Magdalena J. Zaborowska featured in Duke University Press
Her latest book, Me and My House: James Baldwin’s Last Decade in France, uses James Baldwin’s house in the south of France as a lens through which to reconstruct his biography and to explore the politics and poetics of blackness, queerness, and domesticity in his complex and underappreciated later works.
What initially drew you to James Baldwin’s house in the South of France? What was it like the first time you visited?
I first visited that house, known locally as “Chez Baldwin,” in the Provençal village of St. Paul-de-Vence in June 2000. I was fascinated with the writer’s international peregrinations and admired his cosmopolitan, decades-ahead-of-our-time approach to how one’s composite self, inflected by race, gender, sexuality, and class, was key to understanding one’s national identity within and without one’s home country. I also wanted to get a sense of the domestic environment in which he wrote his later works, and where he thrived as a black queer American artist, who was reviled both by US black nationalists and white liberals at the time.
Like most readers, I had first read the best known early Baldwiniana of 1953-63, Go Tell It on the Mountain, Notes of a Native Son, Giovanni’s Room, Another Country, and The Fire Next Time. The works written at Chez Baldwin, during 1971-87, were another matter. They revealed an author transformed, testing new ideas and approaches to identity, trying his hand at new forms. I wanted to look for material and tangible reasons for that transformation. I was teaching in Denmark until 2000, and thanks to Aarhus University’s support made my trip to Provençe, where I first encountered Baldwin’s most enduring home. Another draw was my interest in the interpenetration of literary and literal social spaces, or how material environments become metaphoric representations by means of evocative language and imagery on the pages of books. Perhaps, because I was an immigrant, I was curious as well about how the writer lived his life in French and in such a remote location, especially given his earlier fondness for metropolitan locations like Istanbul, New York, London or Paris. In the early 1970’s, when Baldwin moved there, St. Paul-de-Vence was a sleepy, slow-paced Provençal village, rather than the densely commercialized tourist destination it is today.

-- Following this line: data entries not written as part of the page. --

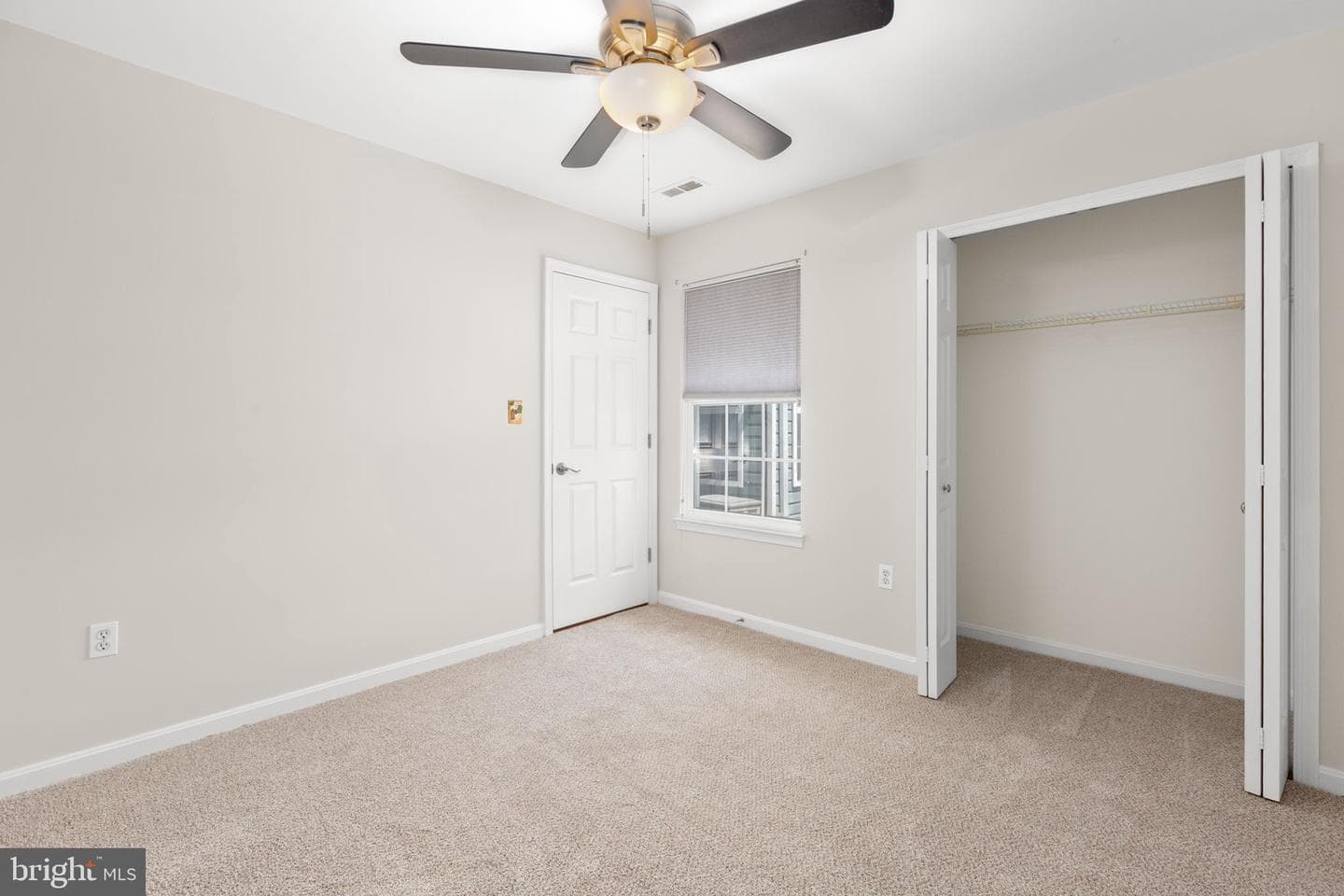 11248 Summerlake Boulevard photo 32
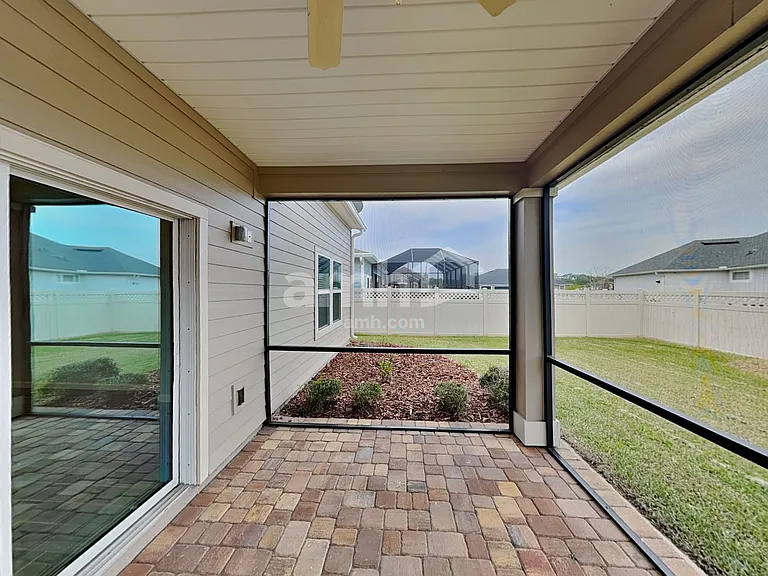 37 Trumpco Dr — Photo 24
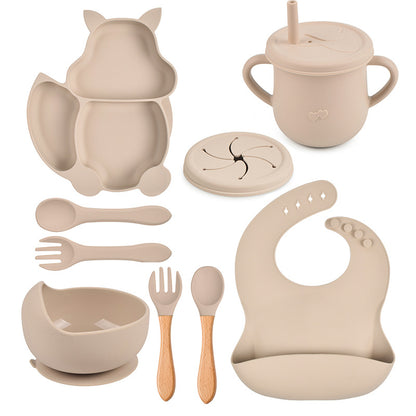 Silicone Tableware Set for Baby's First Foods: Suction Bowl, Spoon, and Divided Plate
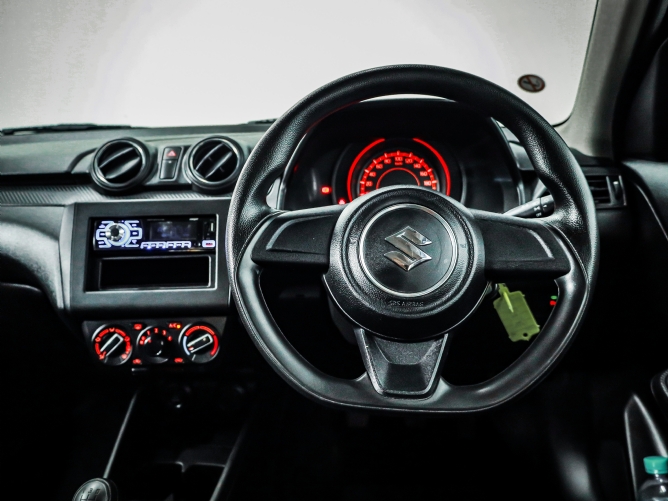 Swift 24 Model 2024 Suzuki Swift 1.2 GA Hatch Q2FyTGlzdGluZzo1OTM4NTQ R179000 | Avo Auto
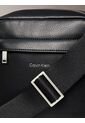 Bolso Negro Reporter Raised Calvin Klein de Calvin Klein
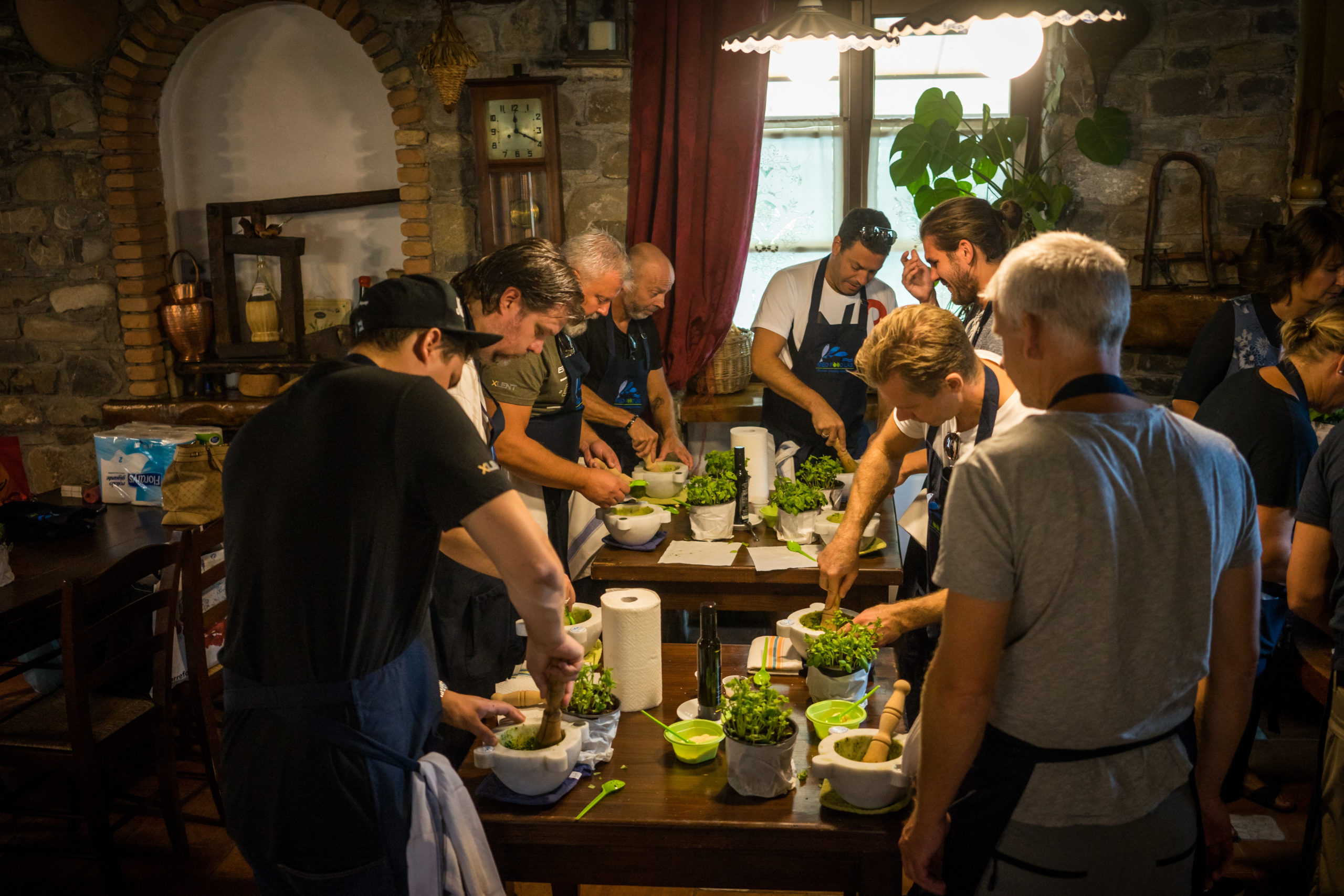 PESTO GENOVESE AL MORTAIO – Tutti i segreti per preparare il vero pesto genovese a regola d’arte · 3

My first visit to the house and surrounding gardens in June of 2000 was a revelation on several levels. First, because of how unlike the place that Baldwin had come from it was, and second, because it made him into a homeowner and someone who lived, so to speak, on and off the land. Third, as he explains it in the little-known Architectural Digest piece on his house published just a few months before his death in 1987, as he grew older and frailer, he loved the light, peace, and quiet that filled the old structure. He had first rented rooms, and then bought, piece by piece as money from his books came in, the property from an eccentric old lady. In his last interview, literally on his deathbed, he explains that the place had led him to discover and embrace a rather mythic “peasant” mindset that he traced back to his parents, who migrated to New York from Maryland and Louisiana. He loved the ancient olive, orange, and almond trees, and enjoyed flowers and herbs that enveloped the house in a lush embrace. He was beloved by the town, and wished to be buried there after his death, which we know did not happen. The more I looked, the more I found and realized, too, that Chez Baldwin had to be a character of sorts in the book along with the writer.